We asked Martin about personal biases that sales reps bring to their role and if there’s any research around that specifically. He shared that as humans, we all want to reduce things to rules of thumb based on lessons learned and that’s helpful, but the rules of thumb change, markets change, competitors change, and products change. And so, we have to continuously update those rules of thumb. And that’s really what machine learning and artificial intelligence modeling do for us. It helps us to stay current in terms of those percentages or those ratios that we’re applying based on our prior experience.
It gets even worse when these rules of thumb get baked into organizational behavior. We always allocate so much revenue to this, or always allocate so much revenue to that or we always expect some certain outcome. And in some organizations, you can have the same practice going on for 10, 15, 20 years, while there are massive changes over that time in a marketplace. So the machine learning and artificial intelligence really is a way of continuously updating the empirical estimates that are being produced by the data, and therefore giving you a better view of the opportunity.

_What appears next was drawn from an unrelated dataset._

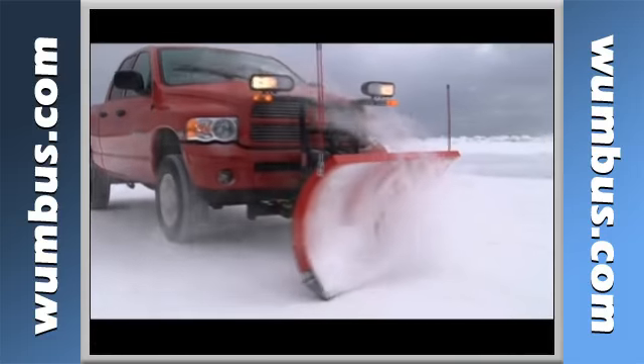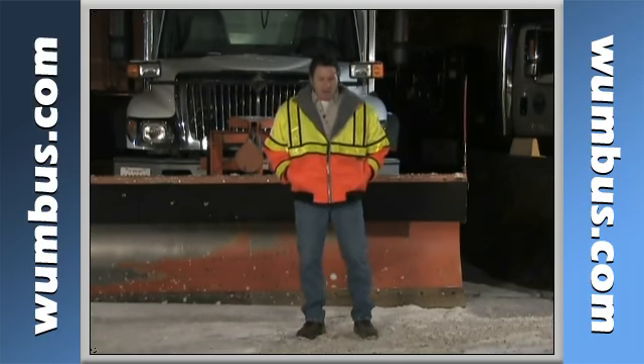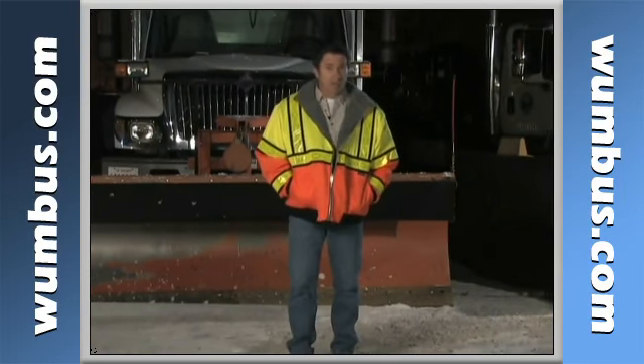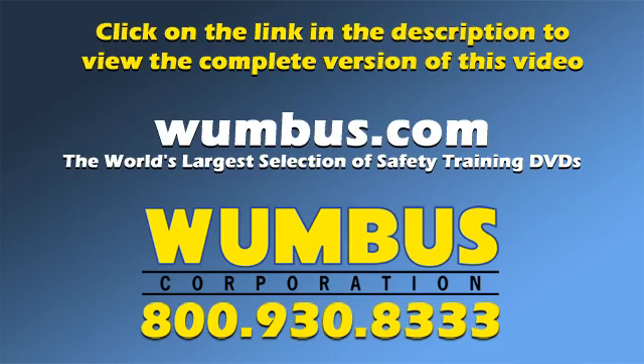So, whether you plow snow professionally or independently, it is your personal responsibility to follow safe operating procedures. No matter how much experience you have, plowing with safety in mind will not only help you arrive home safely, but will also protect your vehicle and community from damage. Beyond your personal safety, knowing how to minimize hazards is important, and most of it starts with understanding the pre-trip inspection.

Martin shares that IBM has a strong culture around learning insight and producing new insights and new approaches. This part of their culture has been maintained consistently and continues to be a valuable intangible asset for IBM.

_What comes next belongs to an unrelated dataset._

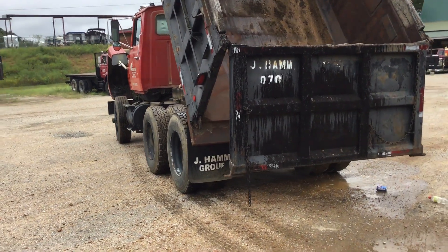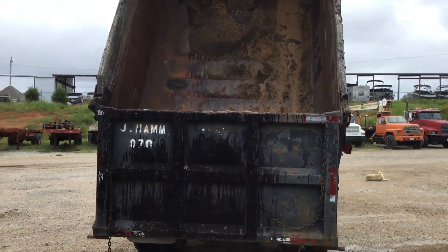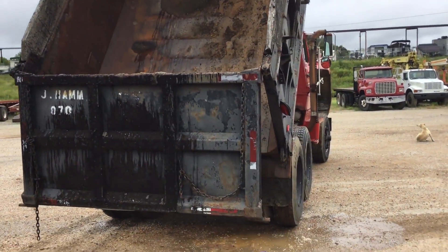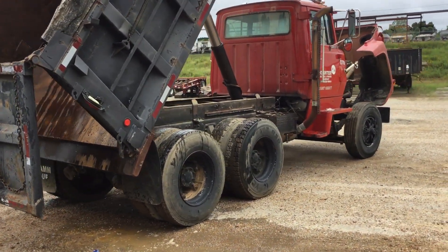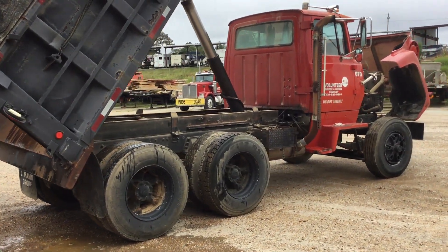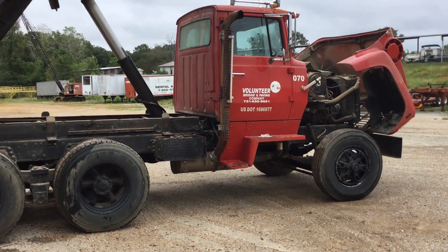Anybody's welcome to come test drive. Truck tires are good, everything works as it should. Truck is located here at Crump, Tennessee on our lot — Southern Auction and Equipment. Welcome to come test drive and check it out for yourself.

He shares a couple of interesting stories of his time at IBM. Living in a large organization such as IBM, over time one learns how to manage almost anything effectively. The management system that’s required is relatively complex, but you get a great deal of experience. He learned to provide management and leadership across a broad set of capabilities and a broad set of teams.
Secondly, the workforce is very diverse and you learn that there’s a broad set of points of view that we all bring from different geographies, different races, different religions, different ethnic groups. And that’s what adds to the innovation in creativity. We’re not all bringing a similar perspective, we’re bringing different perspectives from our life experiences. That’s what allows innovation to be so effective and so productive. The intellectual and product success of IBM is tied really to the diverse population of us all bringing many different points of view.
Martin also shares that his new favorite book by his colleague Diane Coyle from Cambridge, called Cogs and Monsters, in which she critiques the economics profession.